**Supplied information:**
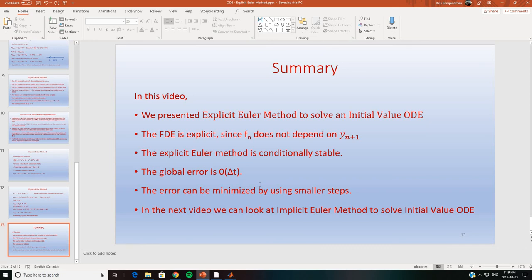To summarize what we have done in this video: we presented the explicit Euler method to solve an initial value ODE. The finite difference equation is explicit since f_n does not depend on y_{n+1}. The explicit Euler method is conditionally stable, and in general all explicit methods are conditionally stable. The global error is of order Δt, and the error can be minimized by using smaller step sizes to obtain more accurate solutions. In the next video, we will look at the implicit Euler method to solve the same initial value ODE — the advantage being that implicit methods are unconditionally stable.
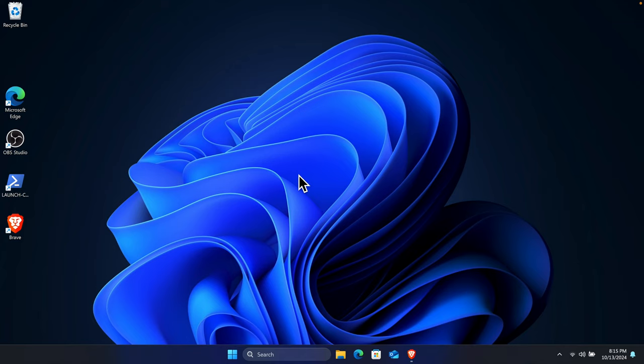In this way we can easily enable the dark theme on our Windows 11 computer. Thank you for watching the video.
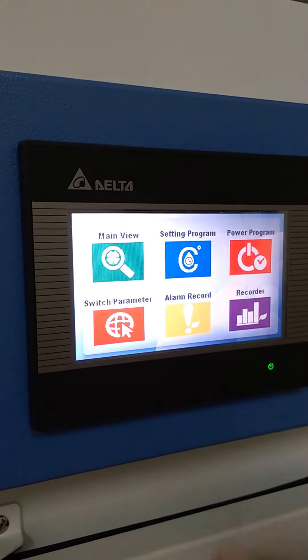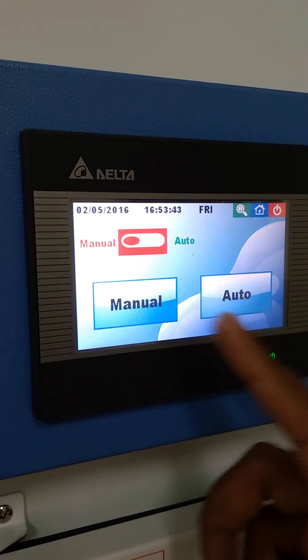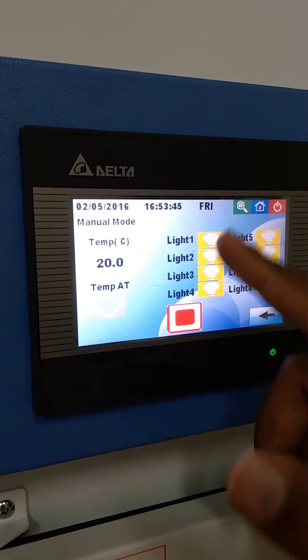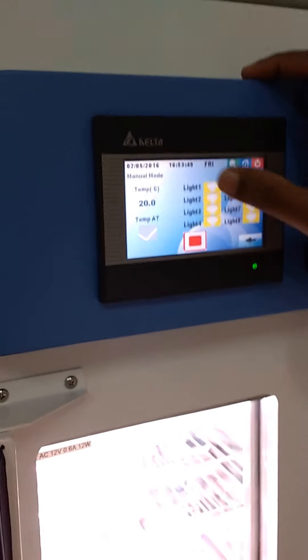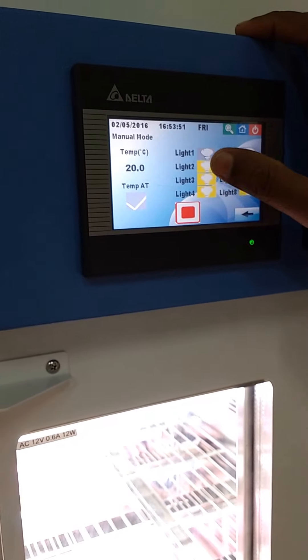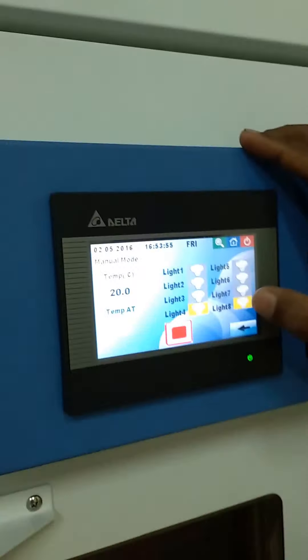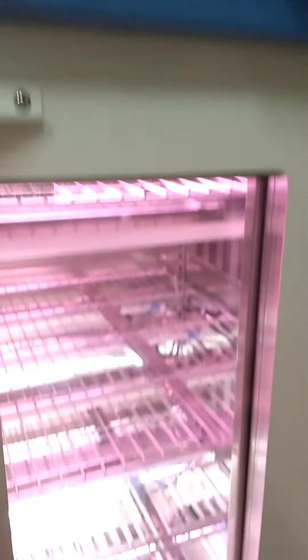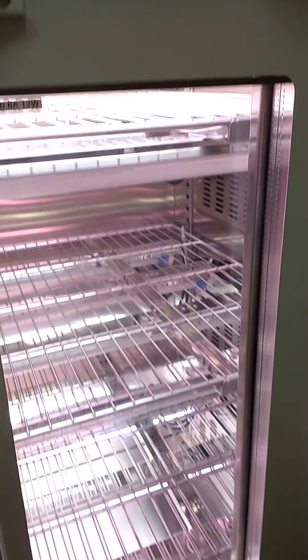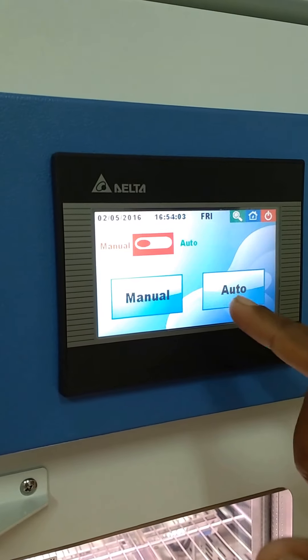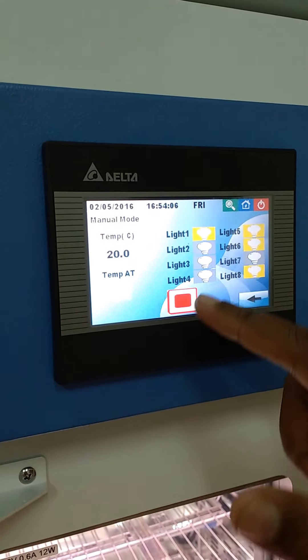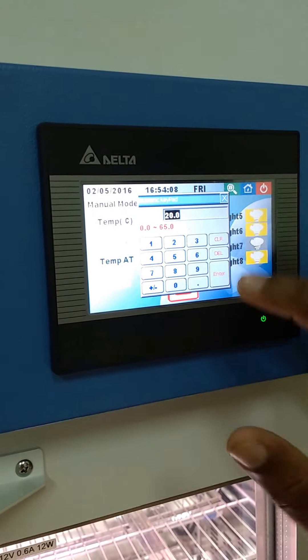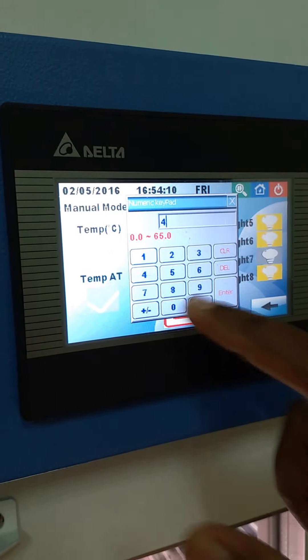Coming to live programs, it has both manual and auto. In manual mode, you can set all the lights with the control panel and temperature can be adjusted up to 60 or 40 degrees.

**Your task:**
Would you give again exactly the lines from the line containing "In this way" through the end of the listing, both ends included, without any pictures?

**Response area:**
In this way we can easily enable the dark theme on our Windows 11 computer. Thank you for watching the video.
Coming to live programs, it has both manual and auto. In manual mode, you can set all the lights with the control panel and temperature can be adjusted up to 60 or 40 degrees.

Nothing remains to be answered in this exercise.